Der Boom von Unverpacktläden – Wie Plastik-Vermeidung zum Geschäftsmodell wird

Von: Philipp Frohn

Immer mehr überwiegend kleine Geschäfte werben mit dem Verzicht auf Plastikverpackungen. Doch auch etablierte Konzerne wittern zusätzlichen Gewinn.

Ein Großteil der Deutschen spricht sich für das Konzept des verpackungsfreien Einkaufens aus. dpa

Obst und Gemüse

Ein Großteil der Deutschen spricht sich für das Konzept des verpackungsfreien Einkaufens aus.

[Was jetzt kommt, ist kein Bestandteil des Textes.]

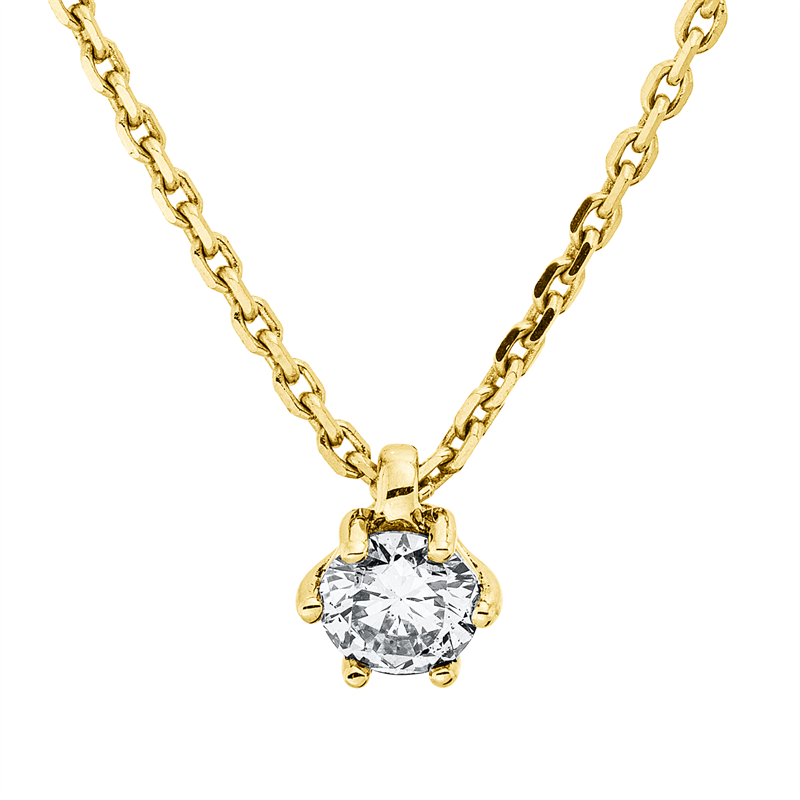 Image 90009143 - Collier 6er-Krappe 18 kt GG, mit ZÖ 42 cm, 1 Brill. 0,25 ct, TW-si, L:45,0 cm, S:1,1 ...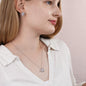 A woman wearing a ShineOn Fulfillment Thank you Mom, You Are The Best Friend That I Ever Had | Love Knot Necklace and Earring Set For Mom.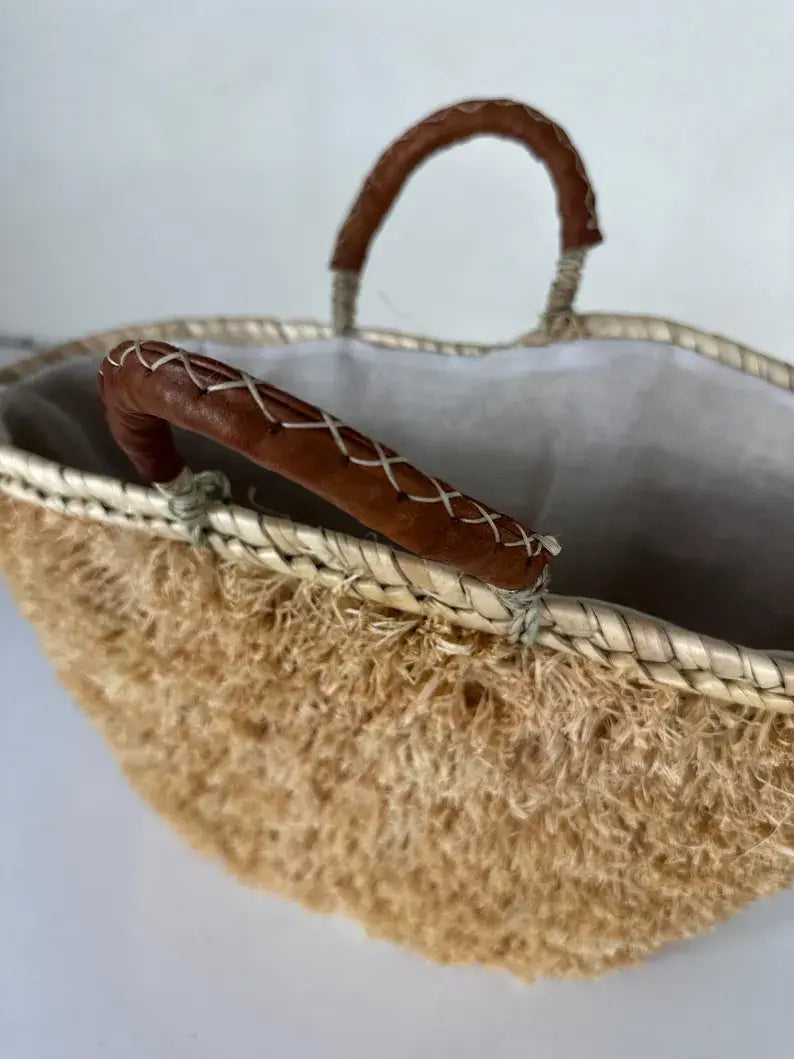 Handwoven Moroccan Palm Leaf Basket with Raffia Detail
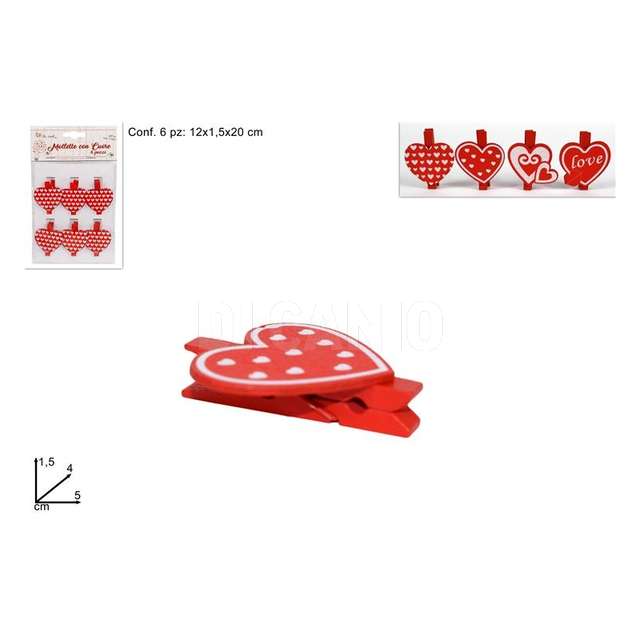 Set 6 pz mollette con cuore 4 assortite - Principale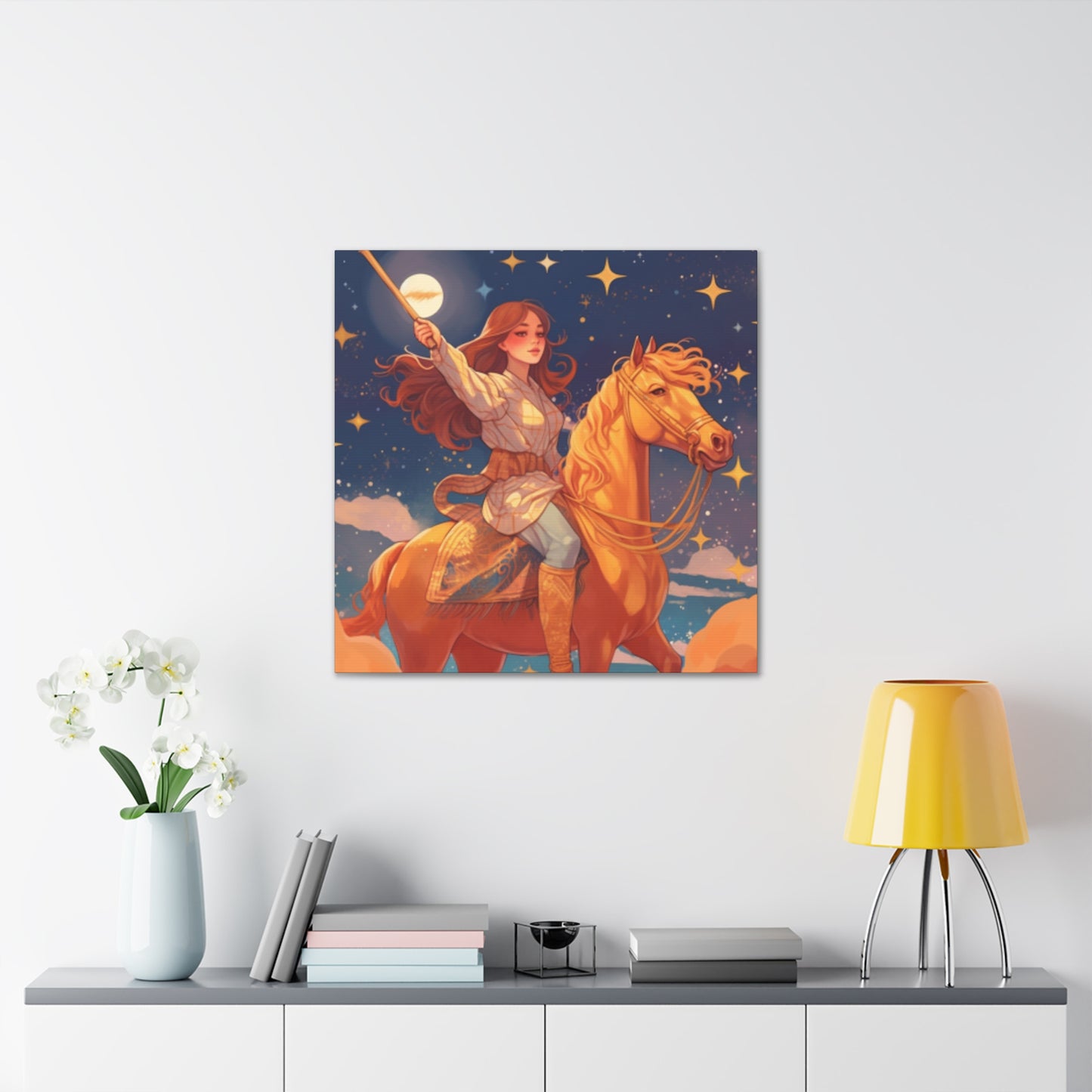 Lofi Magic, Boho Girl And Her Horse - Large Wall Art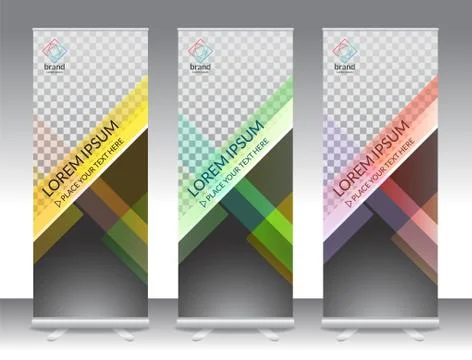 Set of vertical abstract display banner stand or roll up design background la Stock Illustration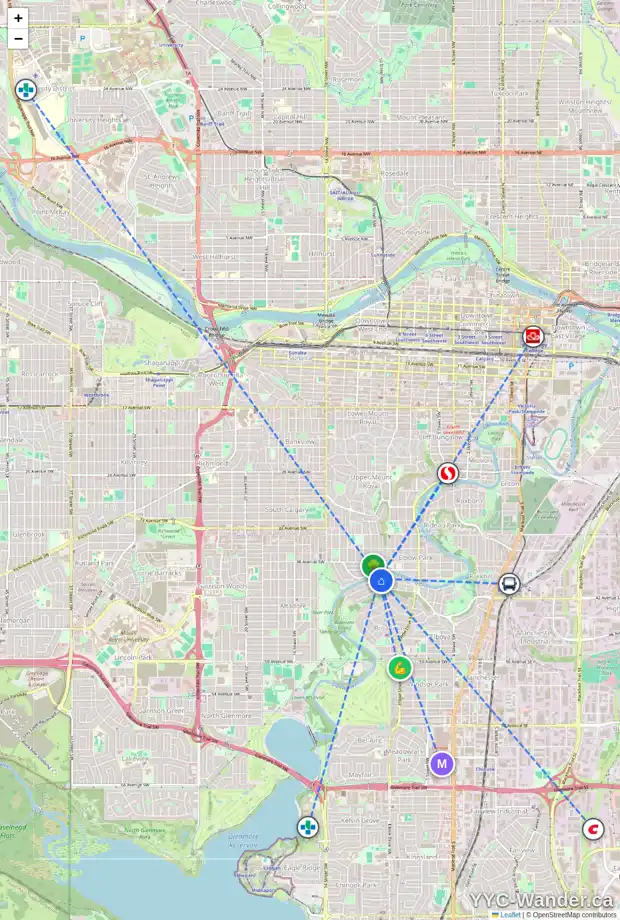 Daily accessibility map for 934 RIVERDALE AV SW, Calgary showing nearby schools, grocery stores, parks, LRT stations and nearby amenities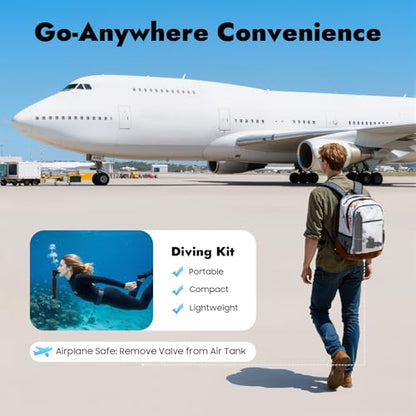 Mini Air Scuba Tank Diving Kit, Air Pump Set Oxygen Tank Pump Diving Equipment 0.53qt Manual Underwater Breathing Portable Scuba Diving Tank Kit for Underwater Exploration Ship Cleaning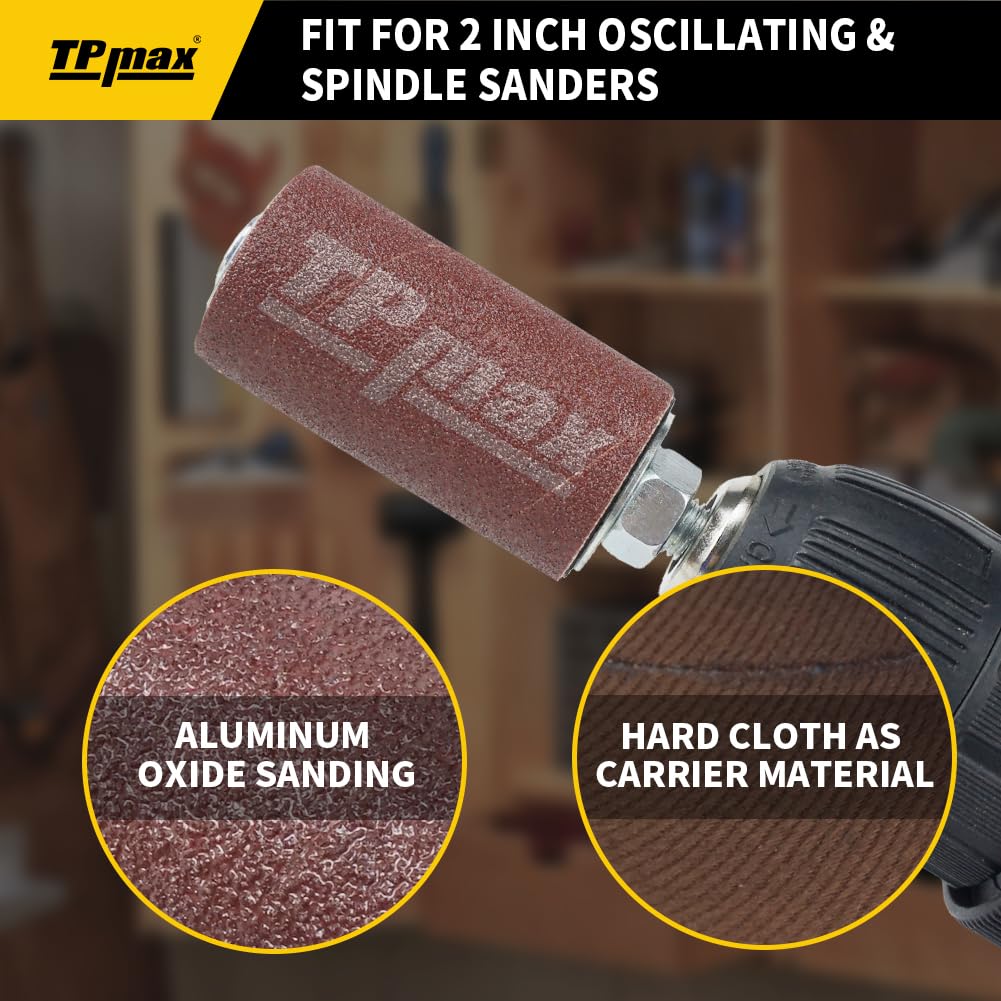 Spindle Sanding Sleeves - 24 Pack 80 Grit -5 Spindle Sanding Sleeves - 24 Pack 80 Grit -5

Düsseldorf Die Deutschen produzieren so viel Plastikmüll wie kein anderes Land in der EU. 220,5 Kilogramm pro Kopf und Jahr fallen dabei an, gab das Umweltbundesamt im vergangenen Jahr bekannt. Insgesamt türmt sich hierzulande also ein 18,16 Millionen Tonnen schwerer Plastikberg auf.

Dosierhilfen, kleinere Portionen für Single-Haushalte, der Trend zum Online-Versandhandel und der Konsum von „To go“-Produkten treiben den Gebrauch von Wegwerfprodukten in die Höhe.

Doch es gibt auch eine Gegenbewegung. „Zero Waste“ heißt die Lebensphilosophie, die sich zum Ziel gesetzt hat, auf den ökologischen Fußabdruck zu achten und möglichst wenig Abfall zu produzieren. Auch einige Unternehmen beginnen damit, diese Ideen in ihr Geschäftsmodell zu integrieren – allen voran die Unverpacktläden.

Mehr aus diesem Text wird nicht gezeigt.